Commentary: It's better to exercise before breakfast
Exercising before breakfast may lead to improved insulin response and increased fat burning, says an expert.
BATH: Exercise is recommended for people who are overweight or obese as a way to reduce their risk of developing type 2 diabetes and cardiovascular disease.
But people don’t always have time to exercise as much as they would like, so finding ways to increase the health benefits of exercise is important.
Our latest research has found a way to do just that, and it has to do with timing. This means you might be able to get away with doing less exercise if other commitments, such as family and work, always seem to get in the way.
BETTER FOR YOUR INSULIN LEVELS
To explain how this works, it helps to know a bit about insulin. Insulin is a hormone that helps control blood sugar levels.
One of the main effects of insulin after a meal is to allow sugar in the blood to be transported into muscle, where it can then be stored or used as a fuel for energy.
When people don’t exercise enough and become overweight or obese, their bodies have to produce more insulin for the hormone to have this important effect. In other words, they become less sensitive to insulin.
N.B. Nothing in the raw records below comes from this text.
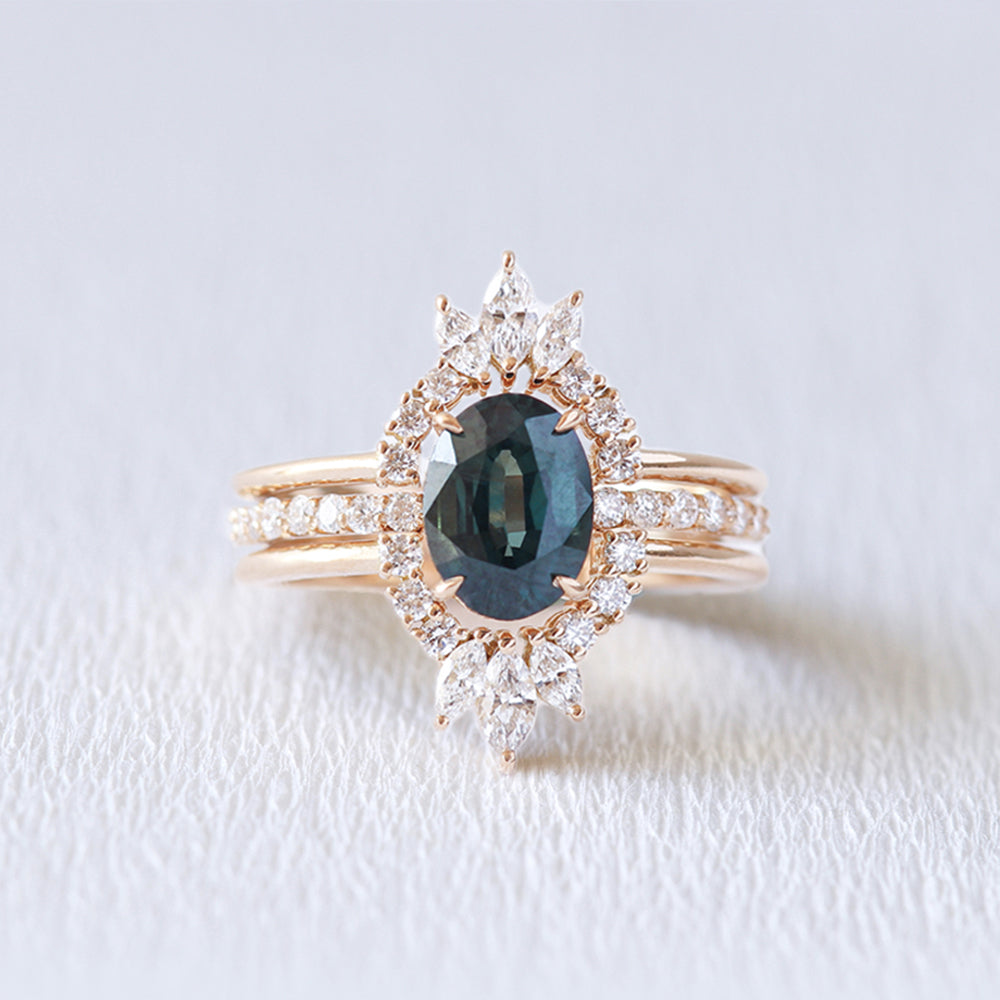 Bague de fiançailles en 18 carats et saphir vert | Deloison Paris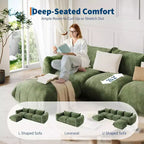 Modulares Zweisitzer-Sofa aus Chenille, Cloud-Sofa mit 2 Sitzplätzen und hochelastischem Schaumstoff, bodenloses Sofa für kleine Räume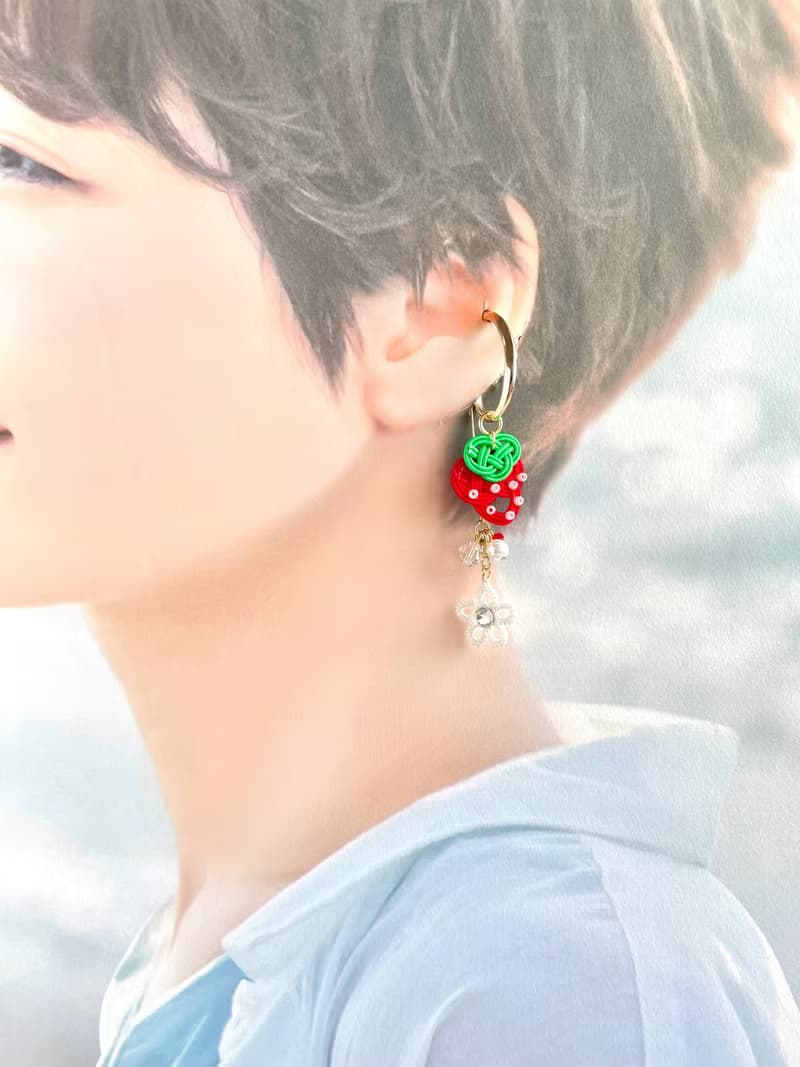 水引耳夾　草莓造型  梭編蕾絲花　紅白配色　雙面水鑽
This is one of the reasons why being overweight increases the risk of getting type 2 diabetes and cardiovascular disease.
One of the main health benefits of exercise is that it improves our response to insulin and we can better control our blood sugar levels – even if we do not see this change happening. It is now becoming clear that when we eat in relation to exercise could be important for this insulin response.
Our study looked at the responses to six weeks of exercise, which was supervised cycling for 50 minutes, three times a week.
In one group, overweight or obese men exercised before breakfast (fasted state) and showed an improved insulin response after the training. That is, they had to produce less insulin to control their blood sugar levels.
This suggests that they had a lower risk of diseases such as type 2 diabetes after the training. But the men who performed the same exercise after eating breakfast did not show an improved blood insulin response.
The men who exercised before breakfast also burned about double the amount of fat during exercise than the group who exercised after breakfast. Current evidence suggests that this increased fat burning during exercise may explain why that group showed improved health benefits.
BUT DON’T EXPECT TO LOSE MORE WEIGHT
A common misconception about exercise in the fasted state is that the increased fat burning will lead to increased weight loss. But for weight loss, the important factor is energy balance. This is the amount of energy eaten as food and drinks minus the amount of energy that is expended by the body, partly through exercise.
There is some evidence, that, over a period of 24 hours, skipping breakfast altogether and doing exercise may create a more negative energy balance, compared with eating breakfast and doing the same exercise.
Yet evidence also suggests that when it is only the timing of meals in relation to exercise that is changed (not skipping breakfast), the amount of weight lost will be similar even if fat burning is different. So increased fat burning during exercise does not lead to greater weight loss, unless the energy balance (for example, energy intake or energy expenditure) is different.
It is now important to repeat the study in women, although it is likely that the same effect would be shown with exercise before versus after breakfast. This is because eating breakfast before exercise reduces fat burning during the exercise, for both men and women.
This research was also for moderate-intensity endurance exercise, such as cycling and jogging, and the results don’t necessarily apply for high-intensity exercise or weight lifting.
Finding ways to increase the health benefits from exercise may help to reduce the increasing prevalence of diseases such as type 2 diabetes. The new research suggests that for your health it could be better to move your feet before you eat.
Rob Edinburgh is a PhD candidate in the Department for Health at the University of Bath. This article first appeared on The Conversation.